Once the line containing "Aanzetten tot actie retail narrowcasting" is found, please copy it and all lines after it through the end of the records, exactly, leaving out pictures.

--- Records to process ---

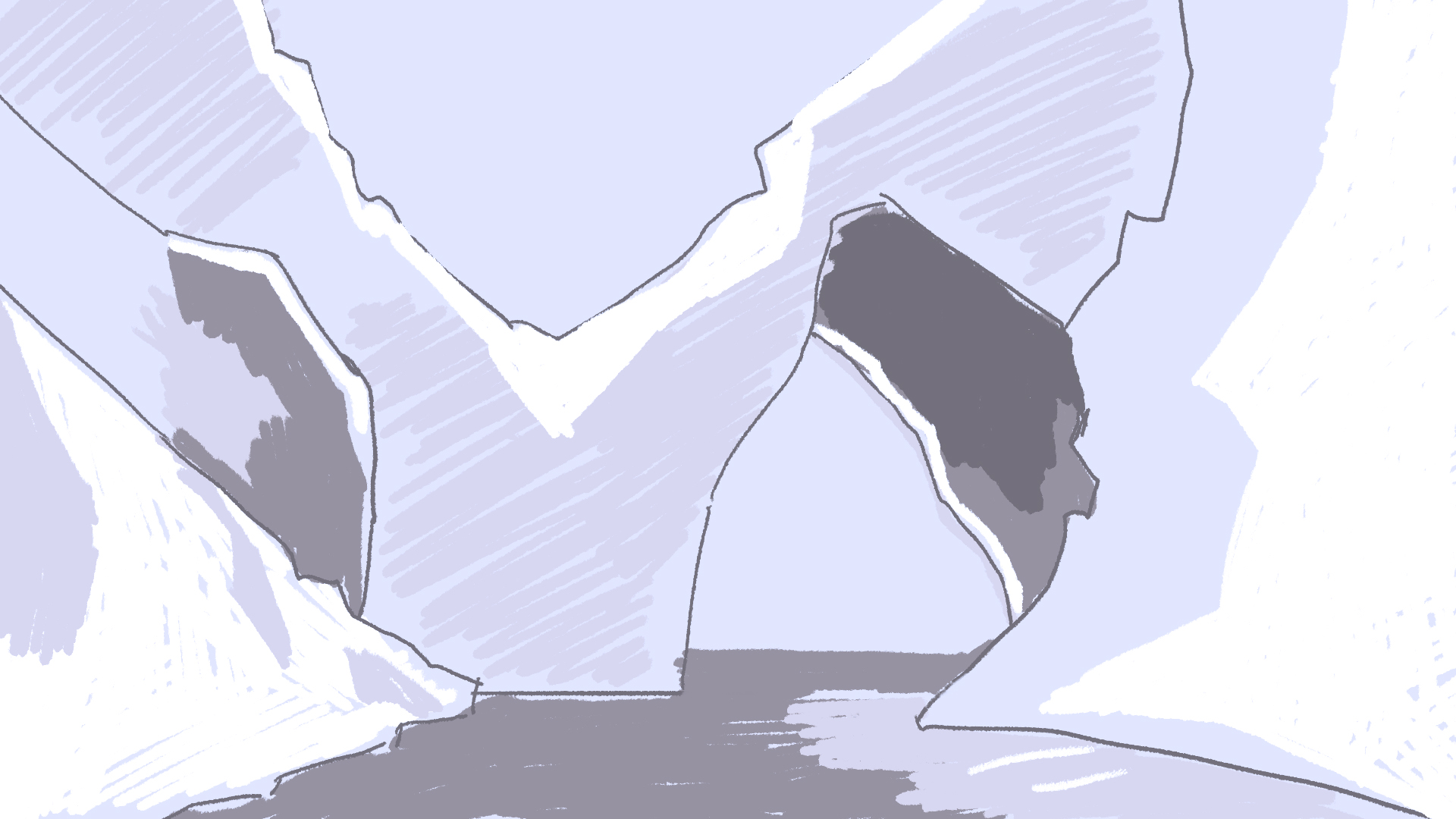 Ice Glacier drawing II | blane de st. croix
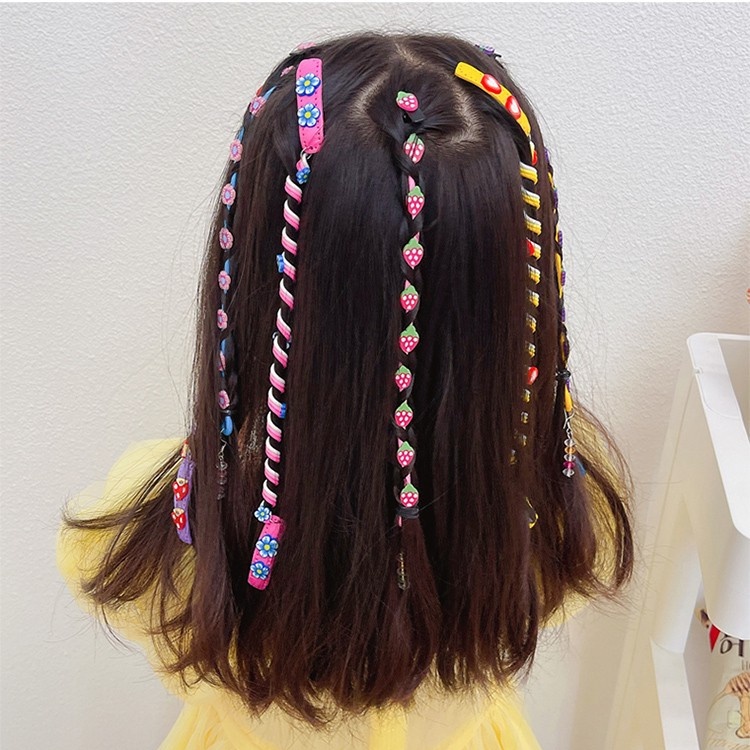 Băng Đô Xoắn Ốc Nhiều Màu Sắc Thời Trang Dành Cho Bé Gái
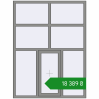 Ціноутворення Вікна 1500x2000 мм Altest Pony 375 RAL 9007 Grey aluminium з двох сторін. Ціна: ₴18,389.20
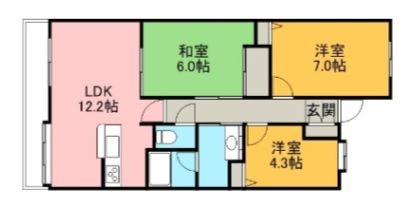 ナイスステージ宇都宮壱番館 407号室 間取り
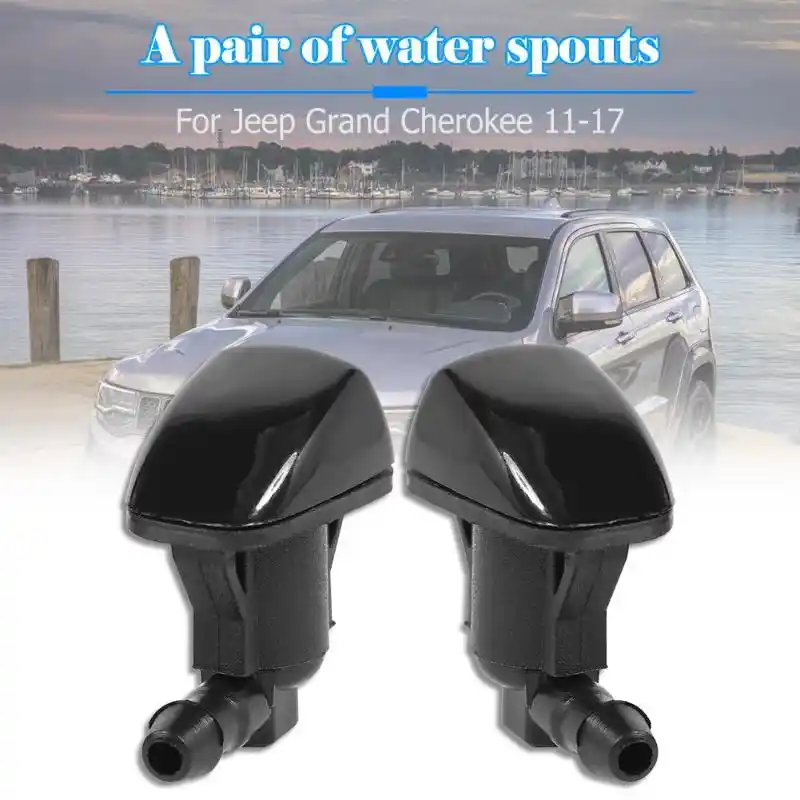 2x Boquilla de arandela de Parabrisas Jeep Grand Cherokee MKIII WH WK 2005-2010 47183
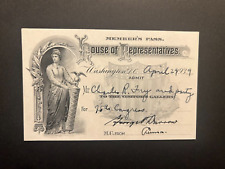 House of Representative Membership Pass from 1939 picture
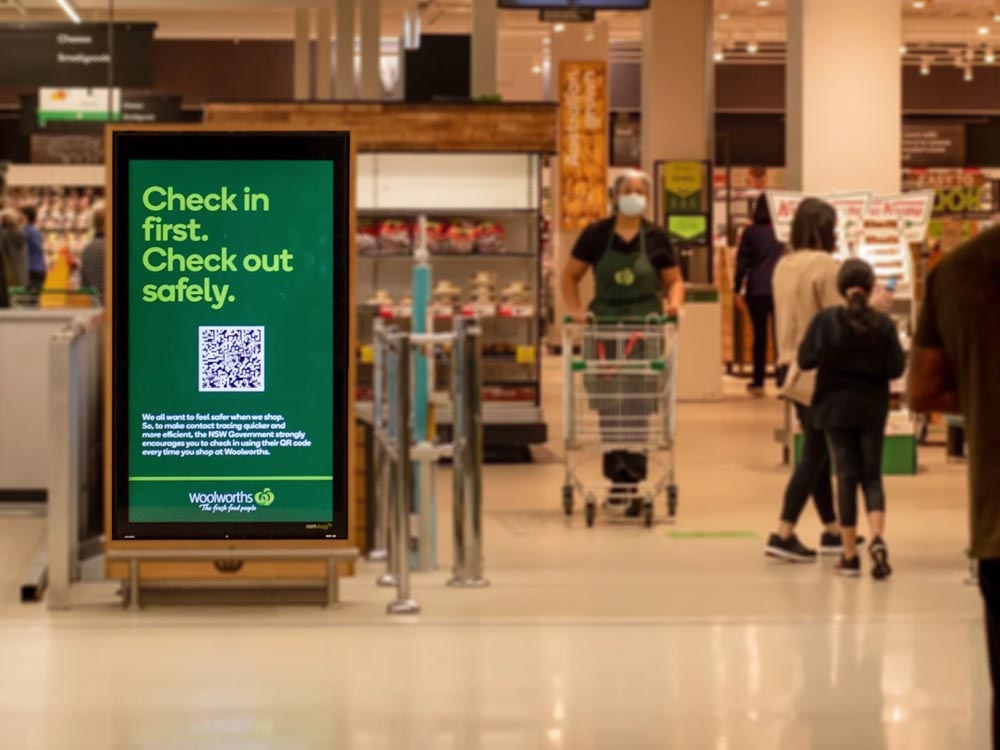 Aanzetten tot actie retail narrowcasting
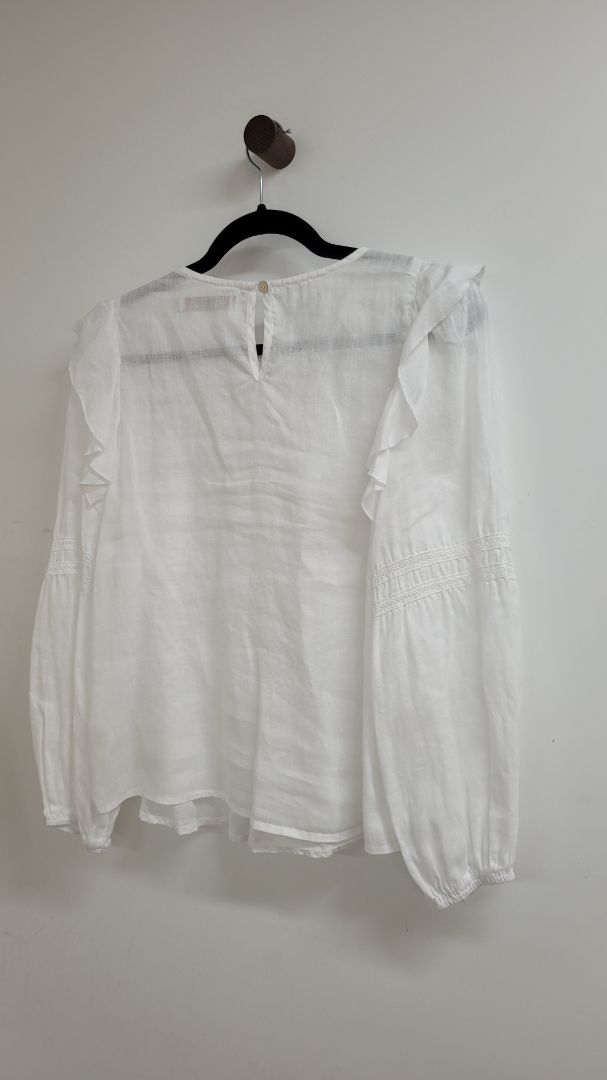 White Isle of mine Long Sleeve Top, s/m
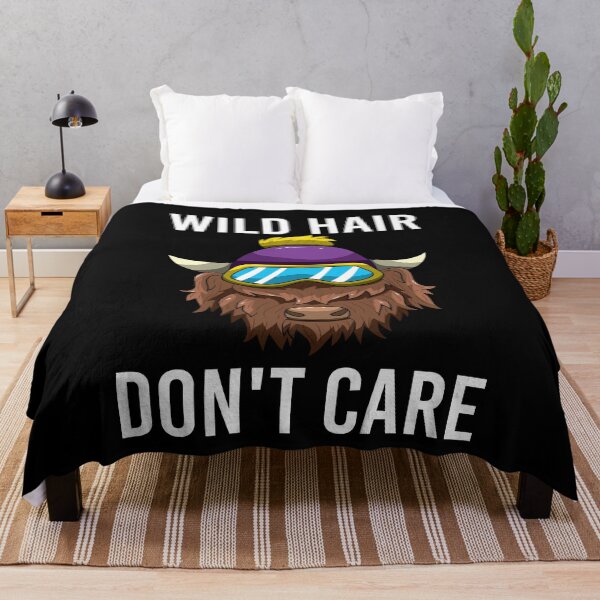 Item preview, Wild Hair Don't Care Funny Highland Cow designed and sold by BornDesign.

---

Result below
 Aanzetten tot actie retail narrowcasting
 White Isle of mine Long Sleeve Top, s/m
 Item preview, Wild Hair Don't Care Funny Highland Cow designed and sold by BornDesign.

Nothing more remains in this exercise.